• _EXERCISE GOAL_: In the entries below, locate the line with "RETRO FLOWER HOOP", then give again that line and all lines after it, exactly, with pictures omitted.

• _TASK DATA_:

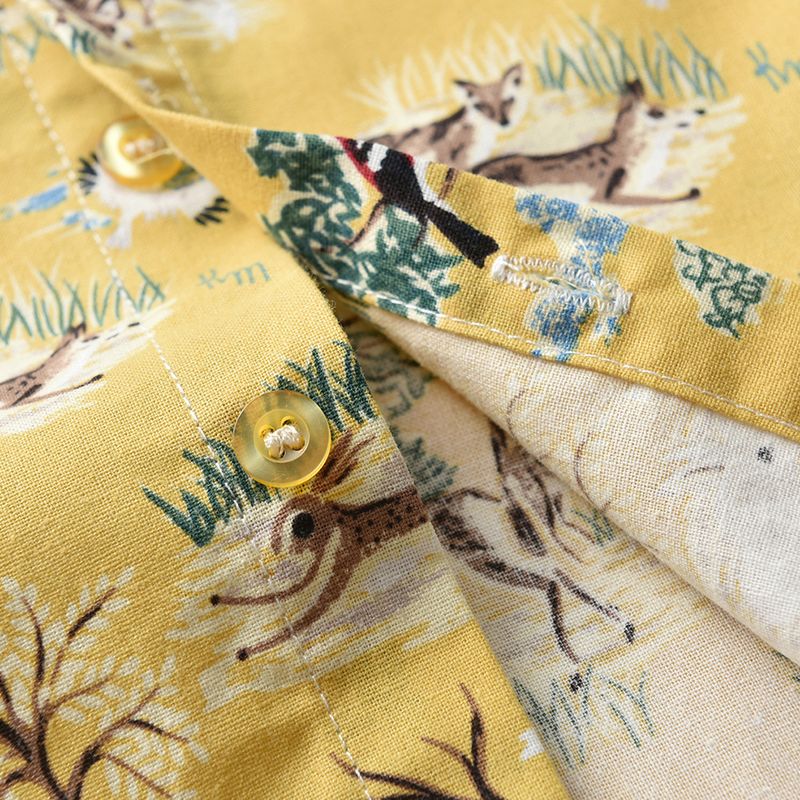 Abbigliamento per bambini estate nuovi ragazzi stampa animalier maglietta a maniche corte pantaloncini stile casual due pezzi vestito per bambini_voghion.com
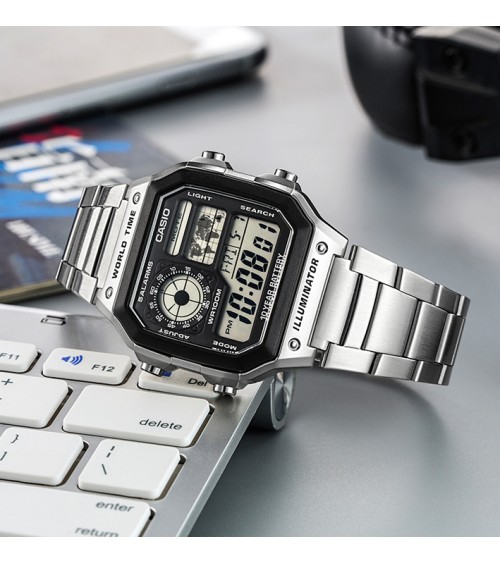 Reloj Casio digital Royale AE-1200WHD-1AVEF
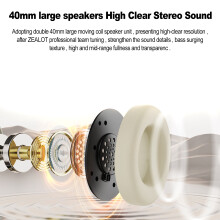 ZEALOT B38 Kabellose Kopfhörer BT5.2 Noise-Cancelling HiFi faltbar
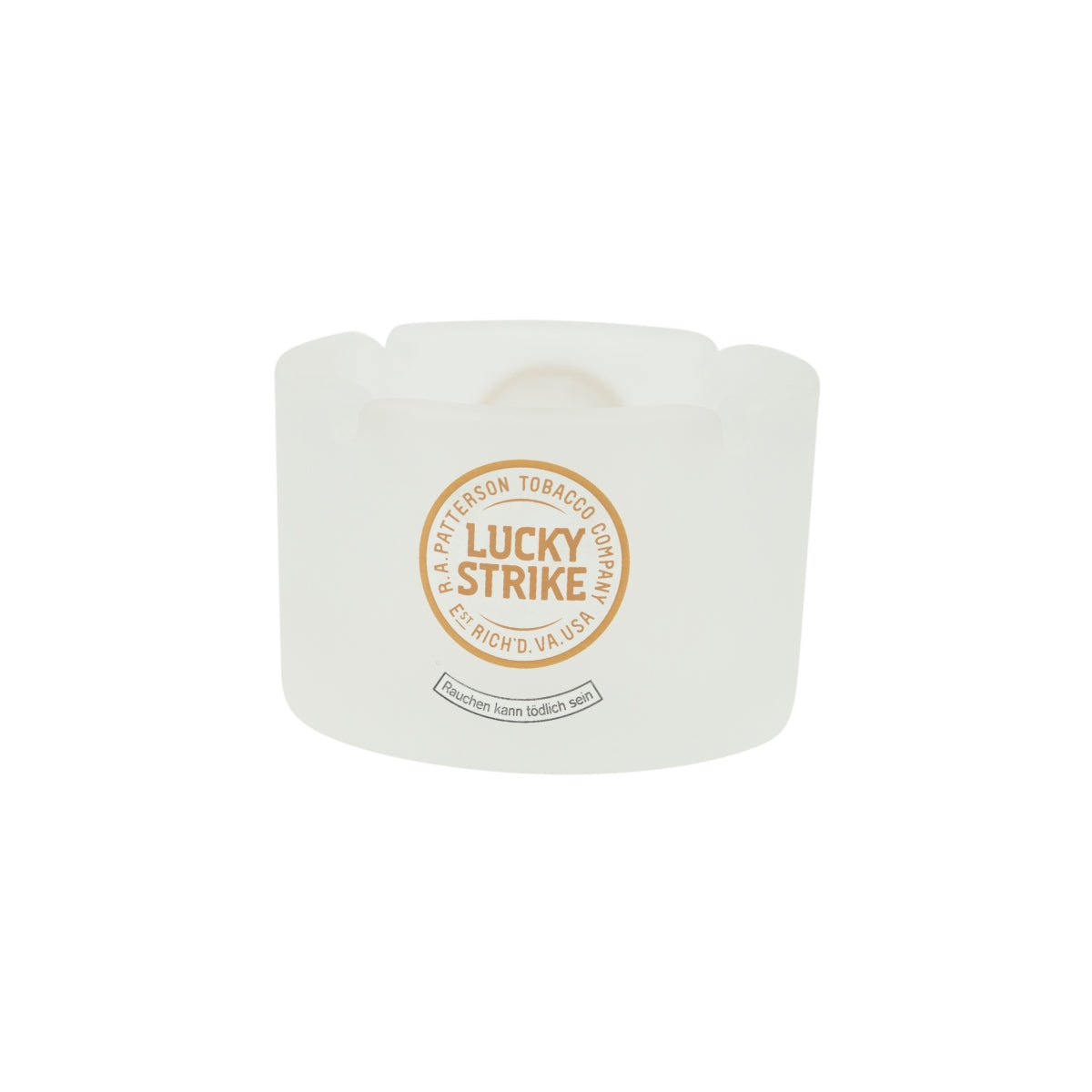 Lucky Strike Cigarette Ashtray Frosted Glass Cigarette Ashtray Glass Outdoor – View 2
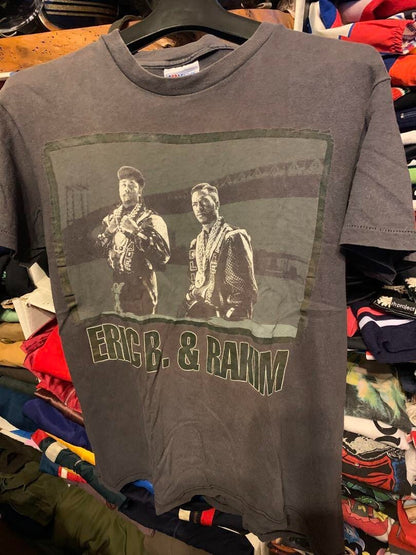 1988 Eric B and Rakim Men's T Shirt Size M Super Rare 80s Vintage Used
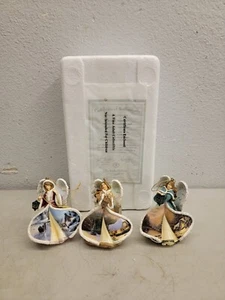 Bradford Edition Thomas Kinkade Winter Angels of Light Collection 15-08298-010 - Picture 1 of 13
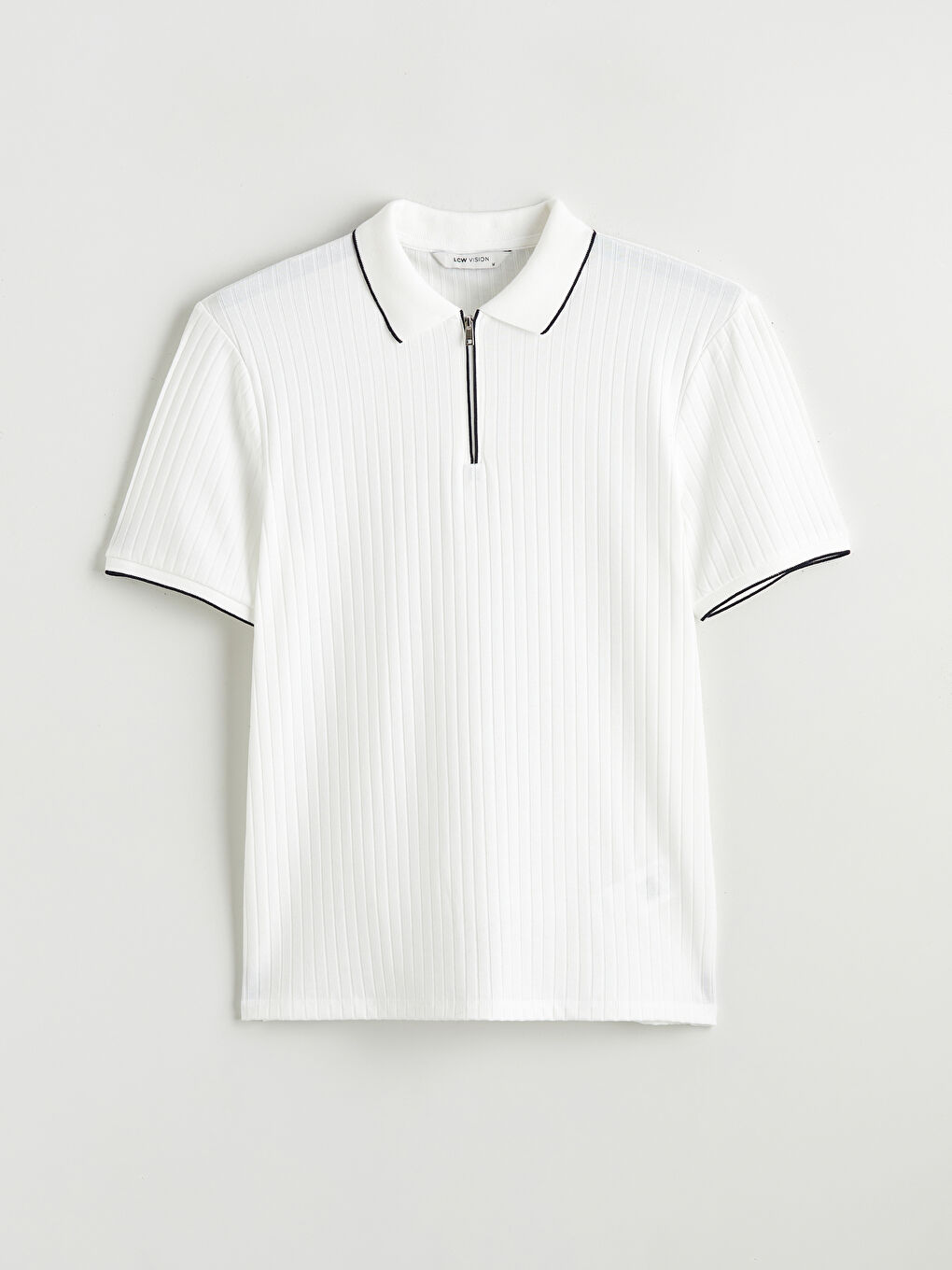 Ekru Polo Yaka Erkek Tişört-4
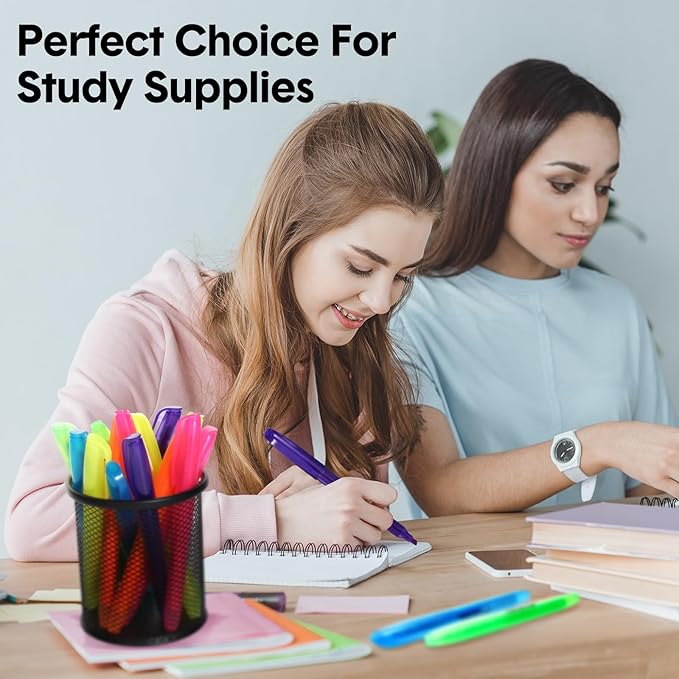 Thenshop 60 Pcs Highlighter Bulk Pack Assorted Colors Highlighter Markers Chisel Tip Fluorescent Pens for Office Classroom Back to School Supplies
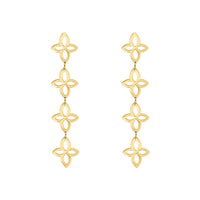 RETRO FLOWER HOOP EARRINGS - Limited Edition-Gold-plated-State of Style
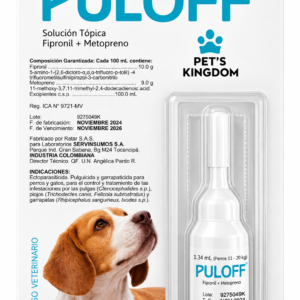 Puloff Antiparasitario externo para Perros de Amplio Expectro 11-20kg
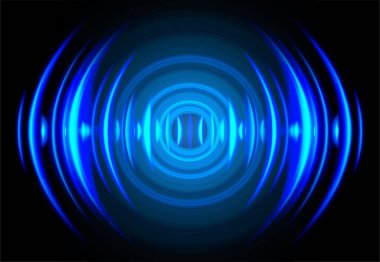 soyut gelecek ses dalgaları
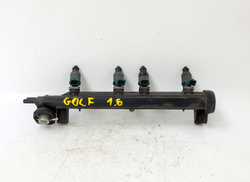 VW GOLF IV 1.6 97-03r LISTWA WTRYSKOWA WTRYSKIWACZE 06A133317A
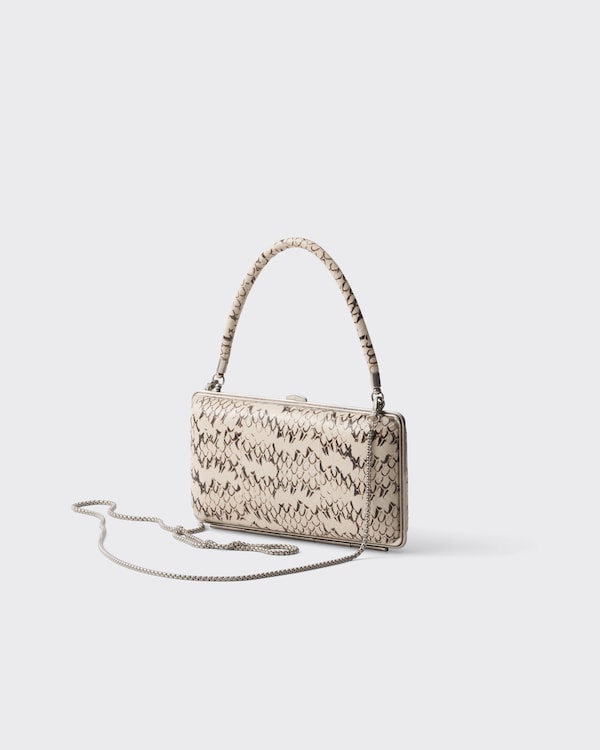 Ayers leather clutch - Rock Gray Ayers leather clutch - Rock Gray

• _SOLUTION FOR THIS PROBLEM_:
 RETRO FLOWER HOOP EARRINGS - Limited Edition-Gold-plated-State of Style
 Puloff Antiparasitario externo para Perros de Amplio Expectro 11-20kg
 soyut gelecek ses dalgaları
 VW GOLF IV 1.6 97-03r LISTWA WTRYSKOWA WTRYSKIWACZE 06A133317A
 Ayers leather clutch - Rock Gray Ayers leather clutch - Rock Gray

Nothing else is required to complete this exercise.